Hello, and please help with information;

My husband and I have been in Mexico for 8 months now .

We hold FM3 visas, valid till July 2010 , we are planning to extend them .

We move around a lot in our small RV , pulling the car .

Our RV has 10 years permit, however California registration
will expire in December 2009 .

Our car has 1/2 year permit and registration valid till July 2010 .

Are we going to have problems with Mexican police when 
registration of RV is going to be expired, but we are having our visas ?

We are not planning to go back to US for a good while,
however we know , we both will have to be there 3.5 years from now .

My husband the most likely will go back sooner, for little while, 
maybe more than once, with the car only .

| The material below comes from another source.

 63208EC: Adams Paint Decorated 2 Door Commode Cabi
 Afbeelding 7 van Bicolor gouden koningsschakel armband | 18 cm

RV will stay for a few years in Mexico .

Can we do anything from Mexico about California´s registration in
order not to pay very high penalties, if we decide take motorhome
back for a while ?

How to deal with these problems ?

thanks for help

eva


----------



## RVGRINGO (May 16, 2007)

First, your FM3 visas must be renewed, in Mexico, within 30 days of their expiration date. Your 'importada temporal' for a vehicle, remains valid (in spite of its own expiry date) indefinitely, as long as your FM3 is maintained and renewed. No problem there.
The RV registration and minimal (storage?) insurance should probably be maintained current while you are in Mexico. In many states, it can be difficult to renew it after it has lapsed for a few years and you can be made to pay back registration. Worse yet, you can be forced to pay 'newbie' insurance rates. You'll want to check that carefully with your state and your carrier. Of course, you will maintain Mexican insurance, as well.


----------